Auditing Observer History
Print all stored generic observer snapshots:
indexly observe audit
Filter by health identity:
indexly observe audit --id 20260201-patient-00001
The long flag is also supported:
indexly observe audit --patient-id 20260201-patient-00001
Audit output is printed as dictionaries containing the observer name, identity column, path, hash, stored state, and timestamp.
Programmatic APIs
Some observer capabilities are intentionally programmatic and are not CLI flags.

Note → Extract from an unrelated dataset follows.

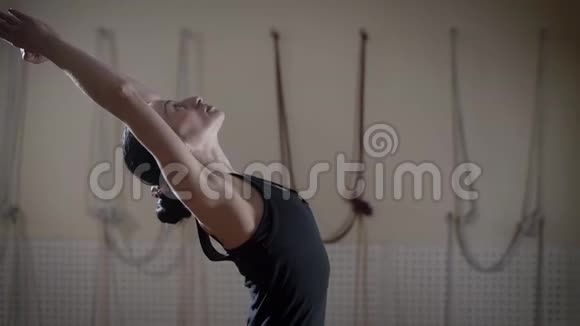 一位穿着运动服的年轻女子在垫子上做瑜伽运动视频的预览图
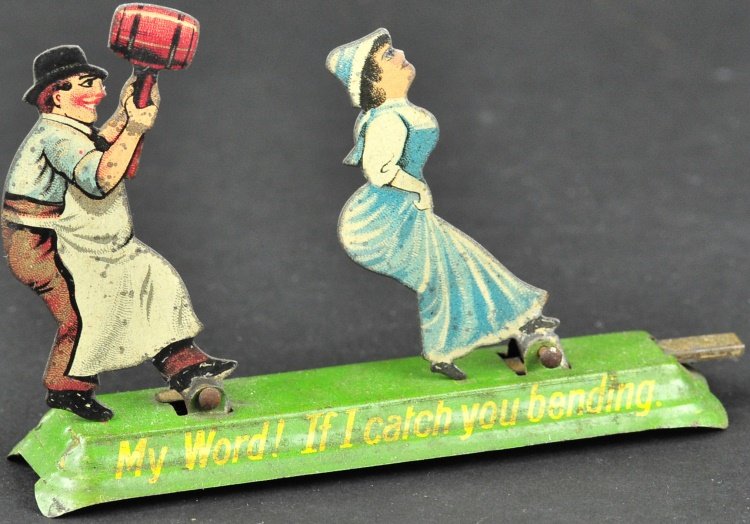 WHIMSICAL MAN CHASING WOMAN PENNY TOY: Germany, possibly Meier, scarce example, flat die-cut figures made of litho tin, front platform reads, "My Word! If I catch you bending." 4" l.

Run observers from Python:
from pathlib import Path
from indexly.observers.runner import run_observers
events = run_observers(
Path("dataset.csv"),
metadata={
"profile": "csv",
"hash": "sha256-value",
"row_count": 100,
"col_count": 12,
},
)
Run a batch:
from pathlib import Path
from indexly.observers.runner import run_observers_batch
results = run_observers_batch(
[Path("a.csv"), Path("b.csv")],
metadata_dict={
"a.csv": {"profile": "csv"},
"b.csv": {"profile": "csv"},
},
)
Temporarily disable or re-enable observers:
from indexly.observers.registry import disable_observer, enable_observer
disable_observer("csv")
enable_observer("csv")
Register an event handler:
from indexly.observers.registry import register_event_handler
def handle_event(observer_name: str, event: dict) -> None:
print(observer_name, event)
register_event_handler(handle_event)
Read metrics collected during the current process:
from indexly.observers.metrics import MetricsCollector
summary = MetricsCollector.get_summary()
Use event aggregation by passing metadata:
run_observers(
Path("dataset.csv"),
metadata={
"profile": "csv",
"event_aggregation": "group"
},
)
Supported aggregation strategies are none, group, and summary.
Related Commands
Create CSV observer history through analysis:
indexly analyze-csv "E:\data\sales.csv" --show-summary
Run generic analysis on a CSV file:
indexly analyze-file "E:\data\sales.csv" --show-summary
Run profile organization that triggers observers after applied moves:
indexly organize ".\incoming" --profile health --classify --apply --id 20260201-patient-00001
Preview the same organization without observer side effects:
indexly organize ".\incoming" --profile health --classify --dry-run
Summary
- Observers detect semantic changes, not filesystem noise.
- Manual CLI commands are
indexly observe run ...andindexly observe audit .... - CSV observer history is normally created after CSV analysis persistence.
- Health domain events are derived from
health_fieldsthrough observer dependencies. - Generic snapshots keep the latest state per observer and file.
- CSV snapshots keep timestamped history with retention.
- Runtime APIs expose callbacks, metrics, enable/disable controls, batch runs, filtering, and aggregation.